> Problem to work on
Look through the material below. Copy every line with the string "Painting" in it.

****************************************

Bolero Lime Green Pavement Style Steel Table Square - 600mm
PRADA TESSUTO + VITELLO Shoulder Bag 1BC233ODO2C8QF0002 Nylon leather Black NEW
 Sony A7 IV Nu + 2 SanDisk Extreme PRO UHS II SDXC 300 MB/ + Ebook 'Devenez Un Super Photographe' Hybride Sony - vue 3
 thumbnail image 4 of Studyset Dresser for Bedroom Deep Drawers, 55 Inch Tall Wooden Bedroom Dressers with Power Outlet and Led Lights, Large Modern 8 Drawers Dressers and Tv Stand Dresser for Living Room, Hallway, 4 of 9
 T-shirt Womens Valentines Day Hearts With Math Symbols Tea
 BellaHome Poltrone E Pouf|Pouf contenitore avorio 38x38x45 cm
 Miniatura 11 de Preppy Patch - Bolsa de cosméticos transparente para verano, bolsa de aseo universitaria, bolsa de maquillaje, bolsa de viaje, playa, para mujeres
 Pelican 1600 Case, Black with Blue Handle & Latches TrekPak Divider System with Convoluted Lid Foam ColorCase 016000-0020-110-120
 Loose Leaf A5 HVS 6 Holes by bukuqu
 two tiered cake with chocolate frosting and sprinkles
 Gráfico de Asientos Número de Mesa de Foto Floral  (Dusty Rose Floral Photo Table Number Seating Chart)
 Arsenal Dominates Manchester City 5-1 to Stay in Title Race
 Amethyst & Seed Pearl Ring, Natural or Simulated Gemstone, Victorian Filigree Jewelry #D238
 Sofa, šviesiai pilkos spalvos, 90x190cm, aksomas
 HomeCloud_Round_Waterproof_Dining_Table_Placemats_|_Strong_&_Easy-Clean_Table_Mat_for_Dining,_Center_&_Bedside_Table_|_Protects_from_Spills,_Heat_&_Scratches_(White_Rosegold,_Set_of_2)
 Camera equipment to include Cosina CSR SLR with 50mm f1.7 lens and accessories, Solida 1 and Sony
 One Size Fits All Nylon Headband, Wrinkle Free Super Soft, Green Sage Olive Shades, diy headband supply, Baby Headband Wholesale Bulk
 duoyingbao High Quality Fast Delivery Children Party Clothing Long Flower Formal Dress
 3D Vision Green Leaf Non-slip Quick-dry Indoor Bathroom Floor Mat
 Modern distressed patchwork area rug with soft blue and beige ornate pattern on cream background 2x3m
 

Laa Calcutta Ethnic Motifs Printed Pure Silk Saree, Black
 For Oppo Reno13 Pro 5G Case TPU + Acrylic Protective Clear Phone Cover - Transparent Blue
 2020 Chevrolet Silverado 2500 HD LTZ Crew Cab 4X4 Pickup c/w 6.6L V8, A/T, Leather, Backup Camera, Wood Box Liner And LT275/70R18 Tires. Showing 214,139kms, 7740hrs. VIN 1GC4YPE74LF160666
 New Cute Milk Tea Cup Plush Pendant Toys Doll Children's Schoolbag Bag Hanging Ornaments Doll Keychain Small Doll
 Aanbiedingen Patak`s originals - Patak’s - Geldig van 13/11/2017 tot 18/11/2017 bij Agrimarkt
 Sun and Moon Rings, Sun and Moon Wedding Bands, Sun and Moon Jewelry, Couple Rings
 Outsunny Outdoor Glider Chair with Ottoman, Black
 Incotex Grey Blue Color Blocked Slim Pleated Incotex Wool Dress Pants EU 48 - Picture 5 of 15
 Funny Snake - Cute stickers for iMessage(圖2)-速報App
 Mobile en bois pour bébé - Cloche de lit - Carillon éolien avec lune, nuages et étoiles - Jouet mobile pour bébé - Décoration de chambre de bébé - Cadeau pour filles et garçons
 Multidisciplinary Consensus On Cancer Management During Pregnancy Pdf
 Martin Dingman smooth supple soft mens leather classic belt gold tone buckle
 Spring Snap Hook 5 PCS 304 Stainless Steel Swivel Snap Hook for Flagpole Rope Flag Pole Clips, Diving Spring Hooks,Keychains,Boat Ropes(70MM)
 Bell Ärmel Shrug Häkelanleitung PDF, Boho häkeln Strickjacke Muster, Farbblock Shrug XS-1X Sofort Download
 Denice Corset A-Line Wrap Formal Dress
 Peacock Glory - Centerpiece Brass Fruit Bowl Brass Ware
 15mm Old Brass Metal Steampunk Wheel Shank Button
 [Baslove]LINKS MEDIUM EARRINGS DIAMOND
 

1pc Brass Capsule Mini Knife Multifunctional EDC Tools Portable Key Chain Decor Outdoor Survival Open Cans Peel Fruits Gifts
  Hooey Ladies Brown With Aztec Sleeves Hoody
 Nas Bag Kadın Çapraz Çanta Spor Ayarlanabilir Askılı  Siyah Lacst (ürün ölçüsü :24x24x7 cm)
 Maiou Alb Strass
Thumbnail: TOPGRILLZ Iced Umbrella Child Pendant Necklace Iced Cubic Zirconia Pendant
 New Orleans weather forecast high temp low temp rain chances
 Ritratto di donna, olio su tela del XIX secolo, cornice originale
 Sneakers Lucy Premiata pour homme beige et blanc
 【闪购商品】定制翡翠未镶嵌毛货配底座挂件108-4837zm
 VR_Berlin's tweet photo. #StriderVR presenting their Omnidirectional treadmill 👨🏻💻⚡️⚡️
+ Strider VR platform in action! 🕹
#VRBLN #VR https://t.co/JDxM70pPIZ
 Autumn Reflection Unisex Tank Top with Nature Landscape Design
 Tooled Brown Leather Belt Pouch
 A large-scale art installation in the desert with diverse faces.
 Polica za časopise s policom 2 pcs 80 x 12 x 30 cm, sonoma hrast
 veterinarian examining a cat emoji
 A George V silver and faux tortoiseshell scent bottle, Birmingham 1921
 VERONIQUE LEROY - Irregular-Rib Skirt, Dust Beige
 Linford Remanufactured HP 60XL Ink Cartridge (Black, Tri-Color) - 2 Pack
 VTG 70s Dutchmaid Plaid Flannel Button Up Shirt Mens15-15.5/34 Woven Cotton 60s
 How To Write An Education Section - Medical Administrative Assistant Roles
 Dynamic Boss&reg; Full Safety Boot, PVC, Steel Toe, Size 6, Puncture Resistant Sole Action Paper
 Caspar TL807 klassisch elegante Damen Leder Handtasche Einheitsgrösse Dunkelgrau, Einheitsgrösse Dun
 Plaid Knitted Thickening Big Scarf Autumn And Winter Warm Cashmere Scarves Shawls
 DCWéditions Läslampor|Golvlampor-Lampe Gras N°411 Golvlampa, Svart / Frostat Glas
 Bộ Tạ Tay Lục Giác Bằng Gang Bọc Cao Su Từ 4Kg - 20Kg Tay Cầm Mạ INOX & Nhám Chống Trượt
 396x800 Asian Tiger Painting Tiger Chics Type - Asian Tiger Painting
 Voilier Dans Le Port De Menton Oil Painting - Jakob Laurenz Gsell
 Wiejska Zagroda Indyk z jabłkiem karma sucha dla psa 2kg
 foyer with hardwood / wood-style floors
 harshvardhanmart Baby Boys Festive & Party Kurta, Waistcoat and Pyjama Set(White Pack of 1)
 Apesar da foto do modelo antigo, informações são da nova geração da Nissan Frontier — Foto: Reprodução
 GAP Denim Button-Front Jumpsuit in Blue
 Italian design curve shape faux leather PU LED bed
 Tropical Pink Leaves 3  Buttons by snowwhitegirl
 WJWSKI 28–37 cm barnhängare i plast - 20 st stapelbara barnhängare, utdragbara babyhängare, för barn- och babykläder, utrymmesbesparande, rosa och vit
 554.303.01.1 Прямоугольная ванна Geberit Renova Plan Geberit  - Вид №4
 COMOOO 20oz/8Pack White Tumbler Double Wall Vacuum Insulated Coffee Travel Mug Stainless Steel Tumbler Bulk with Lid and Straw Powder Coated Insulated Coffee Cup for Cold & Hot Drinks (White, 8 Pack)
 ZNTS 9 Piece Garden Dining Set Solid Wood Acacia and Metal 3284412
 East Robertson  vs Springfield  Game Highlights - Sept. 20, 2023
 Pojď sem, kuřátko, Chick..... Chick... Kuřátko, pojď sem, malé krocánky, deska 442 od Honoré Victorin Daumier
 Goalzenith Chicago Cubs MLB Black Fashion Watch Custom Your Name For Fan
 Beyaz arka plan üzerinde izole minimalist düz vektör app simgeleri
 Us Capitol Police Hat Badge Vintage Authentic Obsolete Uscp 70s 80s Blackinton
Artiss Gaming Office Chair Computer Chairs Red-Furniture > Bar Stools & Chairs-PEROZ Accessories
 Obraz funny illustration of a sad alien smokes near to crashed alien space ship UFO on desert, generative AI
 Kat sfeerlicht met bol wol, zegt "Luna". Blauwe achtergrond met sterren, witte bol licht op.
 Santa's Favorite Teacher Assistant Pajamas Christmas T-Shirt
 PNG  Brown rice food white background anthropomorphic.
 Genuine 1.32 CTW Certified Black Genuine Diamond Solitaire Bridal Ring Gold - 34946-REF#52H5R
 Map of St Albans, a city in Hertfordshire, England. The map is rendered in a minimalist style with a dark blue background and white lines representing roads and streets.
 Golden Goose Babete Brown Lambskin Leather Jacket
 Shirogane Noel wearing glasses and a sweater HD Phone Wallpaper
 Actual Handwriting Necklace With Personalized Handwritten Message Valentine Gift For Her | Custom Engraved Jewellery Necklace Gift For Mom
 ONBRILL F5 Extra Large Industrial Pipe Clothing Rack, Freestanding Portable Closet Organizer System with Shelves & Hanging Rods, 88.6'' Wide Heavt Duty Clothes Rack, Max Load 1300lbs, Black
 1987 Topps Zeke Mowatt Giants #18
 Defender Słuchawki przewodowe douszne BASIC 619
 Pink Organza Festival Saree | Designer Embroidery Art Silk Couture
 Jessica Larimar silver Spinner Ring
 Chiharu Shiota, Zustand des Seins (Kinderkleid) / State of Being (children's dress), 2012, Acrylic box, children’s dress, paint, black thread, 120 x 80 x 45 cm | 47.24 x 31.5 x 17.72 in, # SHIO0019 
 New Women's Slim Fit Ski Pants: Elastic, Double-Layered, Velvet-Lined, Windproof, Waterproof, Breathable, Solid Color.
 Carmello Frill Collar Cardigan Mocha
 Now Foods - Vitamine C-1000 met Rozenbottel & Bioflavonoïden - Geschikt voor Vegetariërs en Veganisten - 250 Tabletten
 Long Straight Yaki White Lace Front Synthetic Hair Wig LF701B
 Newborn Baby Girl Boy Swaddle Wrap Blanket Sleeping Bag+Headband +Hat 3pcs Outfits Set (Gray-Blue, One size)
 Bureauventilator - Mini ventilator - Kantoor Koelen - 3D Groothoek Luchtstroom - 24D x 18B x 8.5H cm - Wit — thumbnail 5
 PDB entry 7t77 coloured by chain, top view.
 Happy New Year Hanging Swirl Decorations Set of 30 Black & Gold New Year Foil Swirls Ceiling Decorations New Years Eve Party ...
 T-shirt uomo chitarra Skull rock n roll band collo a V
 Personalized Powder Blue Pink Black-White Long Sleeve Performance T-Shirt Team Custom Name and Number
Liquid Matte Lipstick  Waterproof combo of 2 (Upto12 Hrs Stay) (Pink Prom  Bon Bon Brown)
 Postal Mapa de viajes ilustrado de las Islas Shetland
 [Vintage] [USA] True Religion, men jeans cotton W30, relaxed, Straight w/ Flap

****************************************

> Response for this exercise
 396x800 Asian Tiger Painting Tiger Chics Type - Asian Tiger Painting
 Voilier Dans Le Port De Menton Oil Painting - Jakob Laurenz Gsell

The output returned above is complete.